Arbitrating Corporate Disputes in Latin America

When I read the topic of this panel – Arbitrating Corporate Disputes – it sent me back to year 1850 when Brazilian Commercial Code was enacted.

Such Code was drafted mostly by business people and, of course, to avoid judicial delays and the lack of judge’s knowledge of the business practices and its proper and peculiar rules, the old Commercial Code did provide for a compulsory arbitration, inter alia, to solve disputes amongst shareholders.

However, such provision was revoked seventeen years later and, in my opinion, Brazil lost a great opportunity to be ages ahead on this matter.

Nonetheless we have no reason why to be skeptical. Arbitration in Brazil is booming and judicial court’s decisions have been very favorable to arbitration and I assume that the Brazilian State Courts will treat positively the topic that I will address: arbitration disputes arising out of the By-Laws of a company.

Whenever such subject matter is approached, the very first question raised by scholars concerns the validity and effectiveness of an arbitration agreement established in the By-Laws of a company by majority of shareholders vote.

The point of discussion stems from the principle of freedom and autonomy of will that shall govern arbitration.

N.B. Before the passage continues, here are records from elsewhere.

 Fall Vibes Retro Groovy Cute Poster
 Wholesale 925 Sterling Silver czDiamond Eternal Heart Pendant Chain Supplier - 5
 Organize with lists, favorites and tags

In other words, for a number of law professors, the arbitration agreement inserted in By-Laws shall only be enforced if the general meeting decision is expressly approved by all shareholders of the company.

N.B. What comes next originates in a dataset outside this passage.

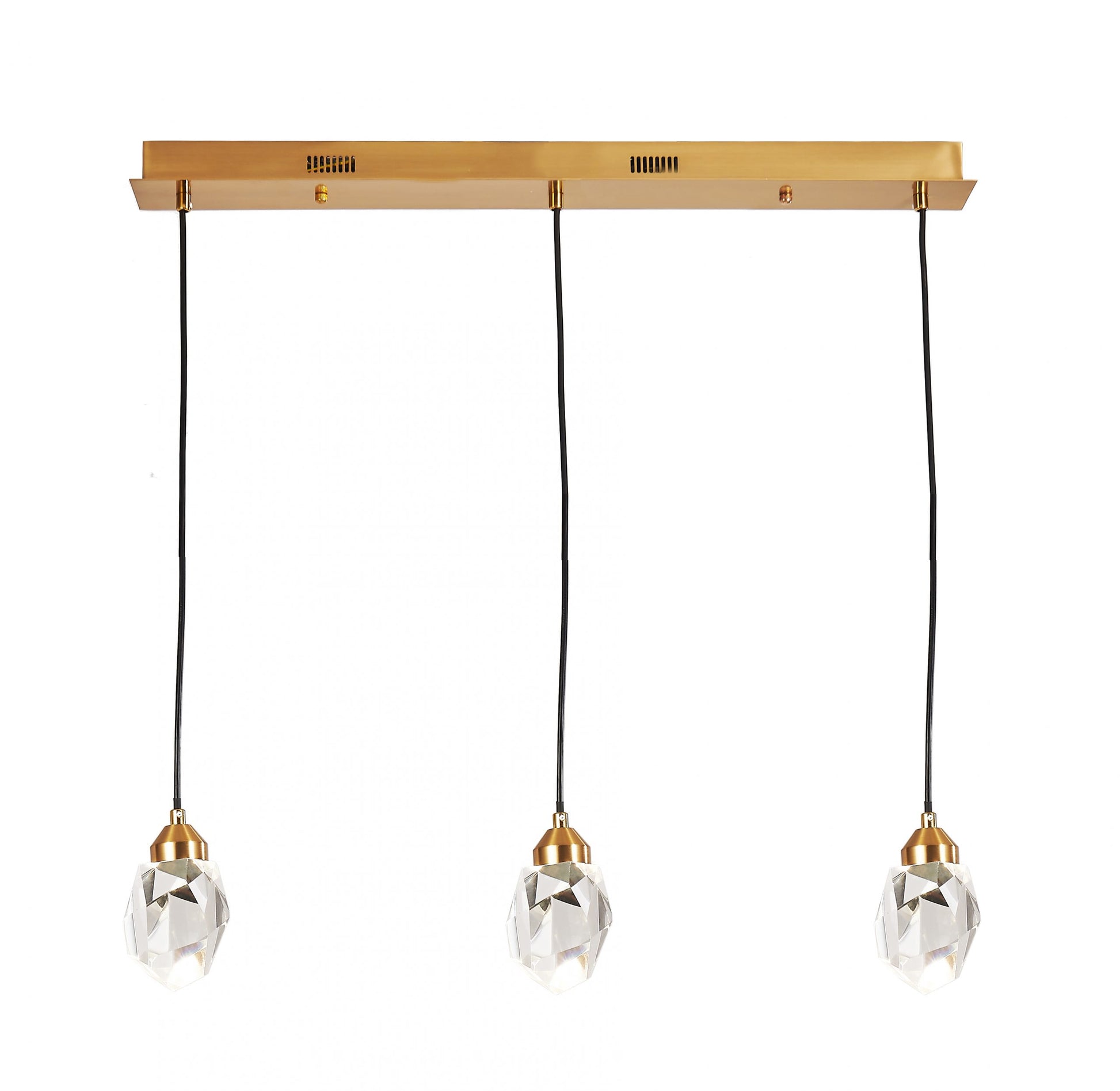 Rock Crystal Pendant 3-Light in Antique Brass LD6108AB by StarFire Crystal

Hence, in case of absence of any shareholder in the general shareholders meeting or in view of a written opposition to the corporate arbitration clause, those shareholders should not be bound by the arbitration agreement and therefore corporate disputes should, whenever involving them, be solved by State Courts.

But some law professors go further: based on the same consent and autonomy of the will principles, they say that even approved the arbitration clause by a given shareholder, whenever his shares are transferred, the transferee shall expressly agree with the arbitration clause in order to be bound by thereto.

Well, regarding this latter legal position – express approval of the transferee – from my standpoint, this understanding is very conservative and shall not prevail for many legal reasons.

Notwithstanding, the reality is that judicial courts’ trend is against such old fashion argument.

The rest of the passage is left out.